Ökumene zeigt sich im gemeinsamen Tun
Es ist wichtig, dass Ökumene nicht allein auf die theologischen Lehrfragen verengt wird. Schon die Würzburger Synode der Deutschen Bistümer (1971–1975) formulierte in ihrem Beschluss zur Ökumene deutlich, dass sich die Gestaltung von Einheit unter allen, die an Christus glauben, in allen Lebensbereichen der Kirche zeigen muss, im gemeinsamen Tun, im gemeinsamen Glauben und in der Feier des Gottesdienstes.
Gemeinschaft im christlichen Glauben erweist sich in all diesen Bereichen, und jeder Fortschritt in einem Aspekt bringt uns insge-samt dem Ziel einer lebendigen Gemeinschaft untereinander näher. „Ökumenisch“ heißt der Kirchentag nicht nur, weil er gemeinsam veranstaltet wird, sondern auch, weil in einem umfassenden Sinn nach einer tieferen Gemeinschaft in allen Lebensbereichen gesucht wird.

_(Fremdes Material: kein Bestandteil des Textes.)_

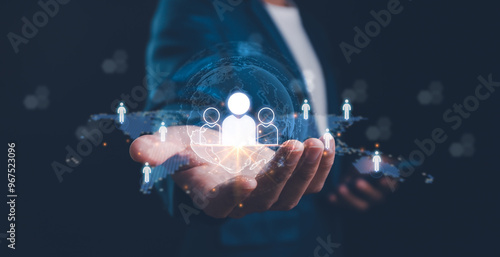 Obraz na płótnie Effective leadership in a global business environment, enhance customer service and strengthen community ties. Embrace the concept of social responsibility, client service, global customer network. w salonie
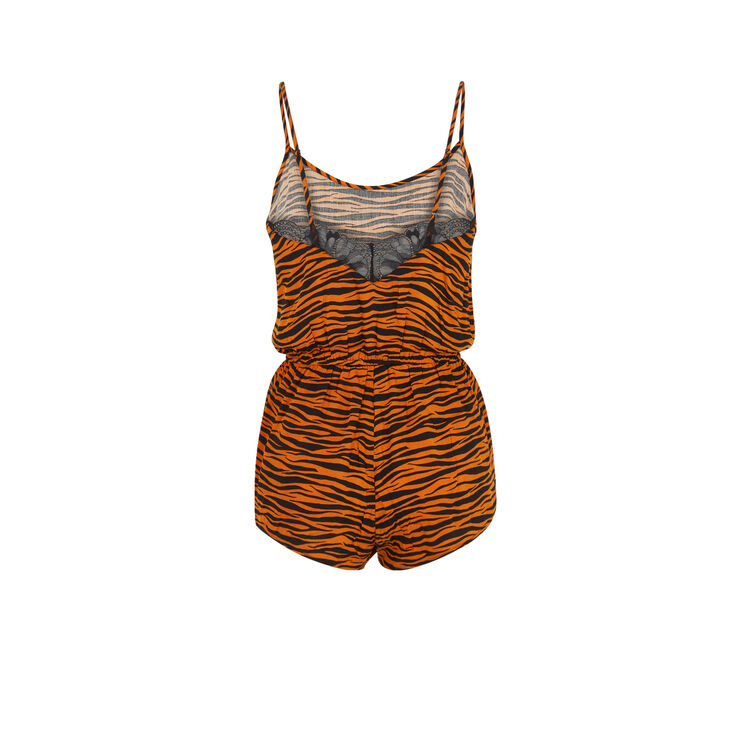 Combishort à fines betelles print tigre mixprintiz camel.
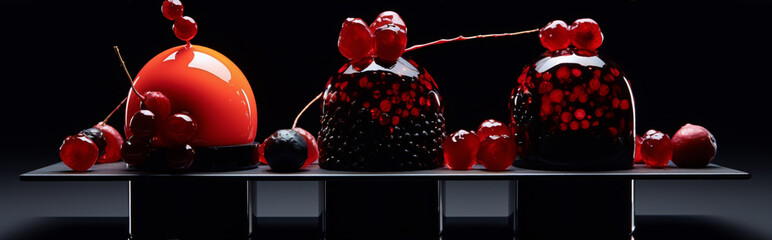 Black and red glossy mirror glaze cakes with fresh berries on black background, food photography.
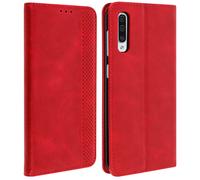 Custodia Galaxy A50 Effetto Invecchiato Porta Carte Supporto - Rosso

Man muss wohl auch feststellen, dass die ökumenische Bewegung in den theologischen Kernfragen ins Stottern gekommen ist. Den Schwung, den sie in der zweiten Hälfte des 20. Jahrhunderts aufgenommen hat, scheint sie etwas verloren zu haben. Sicher haben daran auch gesellschaftliche Veränderungen Anteil, denn es ist schwerer geworden, zentrale Inhalte christlichen Glaubens zu
vermitteln. Religiöser Pluralismus und ein gewisses „Baukastensystem individueller Religiosität“ sind verbreitet. Die Kirchen selbst sind unter Erklärungsdruck geraten. Dabei steht eher die Profilierung durch Abgrenzung als die Suche und die Gestaltung von Gemeinsamkeiten im Fokus. Beispiele für eine solche „Profilbildung“ finden sich in allen Konfessionen. Sie sind dabei nicht nur nachteilig, denn sie zwingen dazu, klar zentrale Anliegen zu formulieren, die ins ökumenische Gespräch eingebracht werden müssen.

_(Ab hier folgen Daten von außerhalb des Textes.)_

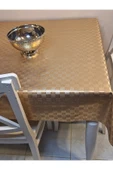 GOLD  PARLAK SİLİNEBİLİR MASA ÖRTÜSÜ - ELYAFLI PVC MUŞAMBA thumbnail 4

Die ökumenische Herausforderung ist größer geworden
Die ökumenische Herausforderung ist aber auch deshalb größer geworden, weil vieles bereits im Zusammenwirken und Zusammenleben erreicht ist und nun zentrale Kernfragen zur Bearbeitung anstehen. Vor allem die Frage der Zielvorstellung ist jetzt zu beantworten: Wie viel sichtbare Gestalt von Einheit braucht es und wie viel Verschiedenheit verträgt die eine Christenheit? Dabei geht es nicht um eine „Geschmacksfrage“, sondern darum, was von Jesus Christus her unabdingbar zu seiner Kirche gehört und was in der Gestaltungsfreiheit der Menschen bleibt. Auch die Bedeutung und Ausgestaltung des kirchlichen Amtes ist jetzt Thema, denn es genügt sicher nicht, nur die Bezeichnung der Ämter einander anzunähern, sondern auch ihre Theologie. Genauso wichtig und bleibend ist die Frage nach dem Verständnis der Eucharistie. Sie gemeinsam zu feiern, ist Sehnsucht aller. Das kann aber nur gelingen, wenn wir eine gemeinsame Überzeugung davon haben, was in dieser Feier geschieht.

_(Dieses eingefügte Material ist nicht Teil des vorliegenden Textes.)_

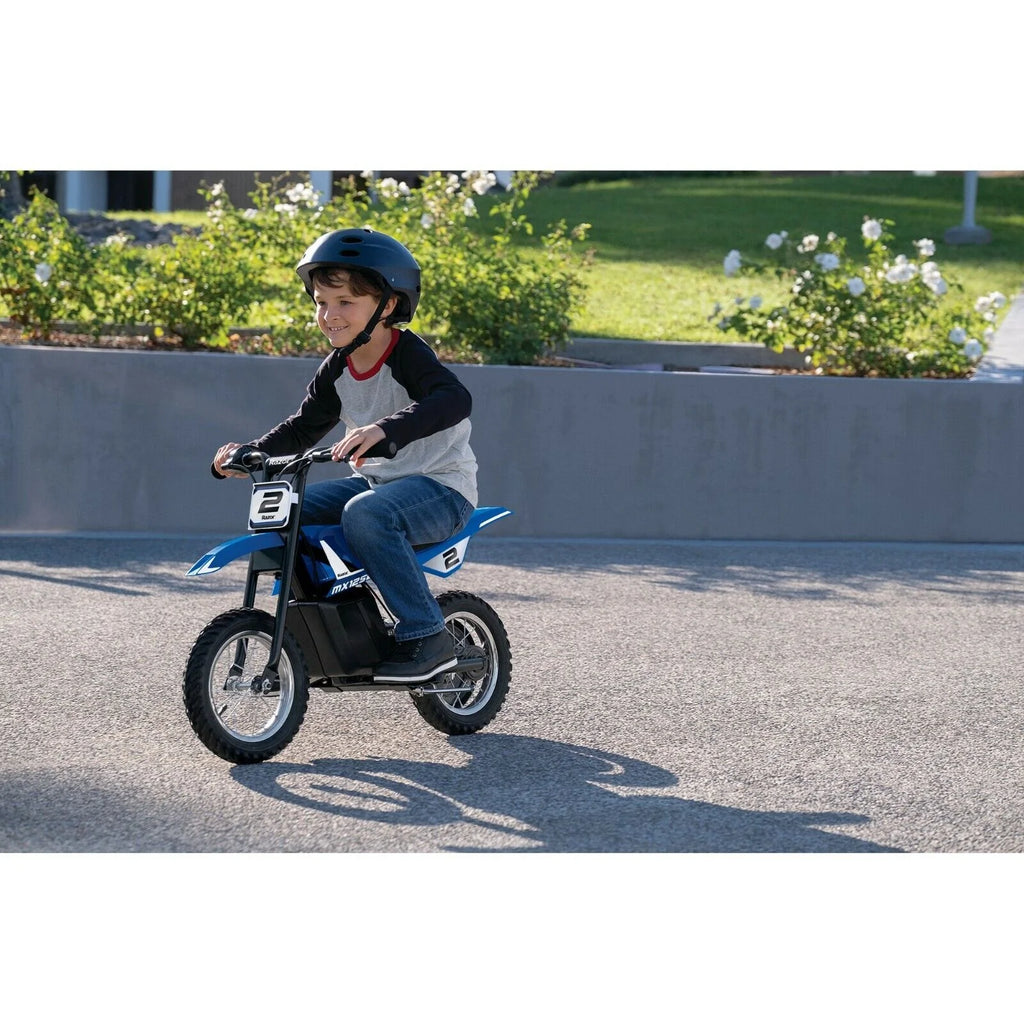 2026 Kid's Razor Dirt Rocket MX125 Electric-Powered Dirt Bike, Ages 7 , Blue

Der 2. Ökumenische Kirchentag kann und wird sicher nicht alle Probleme lösen. Er kann aber das Gespräch, wenn es denn fair und wertschätzend miteinander geführt wird, lebendig erhalten und Impulse geben. Auf jeden Fall ist es eine Chance, sich intensiv mit anderen Gläubigen über Fragen unserer Zeit auszutauschen. Dies ist eine Bereicherung für das eigene Leben und für das Leben in unseren Gemeinden und Einrichtungen. Ich lade Sie herzlich ein, diese Chance zu nutzen.